Al fine di stimolare l’emersione dell’illecito commesso nell’ambiente di lavoro, il D.Lgs. 165 del 2001, con l’art. 54-bis, predispone una particolare tutela per il dipendente pubblico che segnali o denunci comportamenti contrari alla legge (così detto “whistleblowing”): egli non potrà essere sanzionato, demansionato, licenziato, trasferito o sottoposto ad altre misure aventi effetti negativi sulle sue condizioni di lavoro. In caso di adozione di tali misure da parte del datore di lavoro, egli dovrà dimostrare che le stesse sono motivate da ragioni estranee alla denuncia, e dunque che non si qualificano come misure discriminatorie o ritorsive; in assenza di prove in tal senso, la misura adottata sarà nulla (dunque, nel caso in cui il lavoratore sia stato licenziato, egli verrà reintegrato nel posto di lavoro).

La disposizione sul whistleblowing prevede un’eccezione: nel caso in cui la segnalazione o la denuncia da parte del lavoratore costituisca calunnia, diffamazione o altro reato o illecito civile commesso con dolo o colpa grave, il denunciante non verrà tutelato. Sulla base del fatto che questa è l’unica eccezione espressamente prevista dalla norma, una lavoratrice, infermiera presso un’azienda ospedaliera, si era rivolta alla Cassazione sostenendo che la normativa sul whistleblowing tutelasse il lavoratore denunciante anche rispetto alle conseguenze negative di un proprio comportamento illecito: l’infermiera in questione era stata sospesa per quattro mesi per aver svolto attività non autorizzata presso un ente privato, ed aveva denunciato al datore di lavoro la commissione dello stesso fatto da parte di altri colleghi.

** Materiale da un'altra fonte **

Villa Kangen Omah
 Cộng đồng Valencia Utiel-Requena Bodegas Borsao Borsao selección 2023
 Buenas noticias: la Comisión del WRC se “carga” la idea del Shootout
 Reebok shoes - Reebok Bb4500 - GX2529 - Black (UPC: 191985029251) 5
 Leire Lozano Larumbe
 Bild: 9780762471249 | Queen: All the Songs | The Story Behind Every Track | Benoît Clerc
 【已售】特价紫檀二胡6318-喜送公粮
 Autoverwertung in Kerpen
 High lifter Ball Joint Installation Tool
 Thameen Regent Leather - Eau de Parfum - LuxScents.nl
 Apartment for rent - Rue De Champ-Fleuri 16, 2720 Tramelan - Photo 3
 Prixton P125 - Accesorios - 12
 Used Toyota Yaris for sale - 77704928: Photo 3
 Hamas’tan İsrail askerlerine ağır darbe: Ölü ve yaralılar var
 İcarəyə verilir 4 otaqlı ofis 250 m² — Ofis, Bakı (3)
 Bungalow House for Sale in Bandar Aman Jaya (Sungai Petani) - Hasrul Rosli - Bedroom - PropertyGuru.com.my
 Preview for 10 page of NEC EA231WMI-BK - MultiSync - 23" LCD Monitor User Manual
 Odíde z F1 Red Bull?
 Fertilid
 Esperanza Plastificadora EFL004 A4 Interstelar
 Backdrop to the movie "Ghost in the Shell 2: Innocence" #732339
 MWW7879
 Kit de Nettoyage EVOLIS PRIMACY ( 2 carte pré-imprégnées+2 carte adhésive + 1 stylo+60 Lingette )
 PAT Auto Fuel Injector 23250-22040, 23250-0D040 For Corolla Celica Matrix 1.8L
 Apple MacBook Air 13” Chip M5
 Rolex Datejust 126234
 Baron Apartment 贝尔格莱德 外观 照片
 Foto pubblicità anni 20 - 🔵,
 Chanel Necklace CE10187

Con ordinanza n. 9148 del 31/03/2023, la Corte di Cassazione, anche sulla scorta di quanto affermato nella Convenzione ONU contro la corruzione e nella Direttiva UE 2019/1937, smentisce quanto affermato dalla lavoratrice, precisando lo scopo della normativa sul whistleblowing: tutelare il lavoratore che denunci illeciti commessi nel proprio ambiente di lavoro rispetto ad eventuali ritorsioni da parte del datore; ossia, le conseguenze negative dalle quali il lavoratore viene schermato sono quelle derivanti dalla denuncia o dalla segnalazione, non anche quelle derivanti dal proprio comportamento illecito.

Tutt’al più, l’atteggiamento collaborativo del lavoratore potrebbe essere preso in considerazione dal datore nell’ottica di una riduzione della sanzione, ma la normativa sul whistleblowing non prevede un’esimente automatica con riferimento alla commissione in proprio di un illecito da parte del lavoratore denunciante.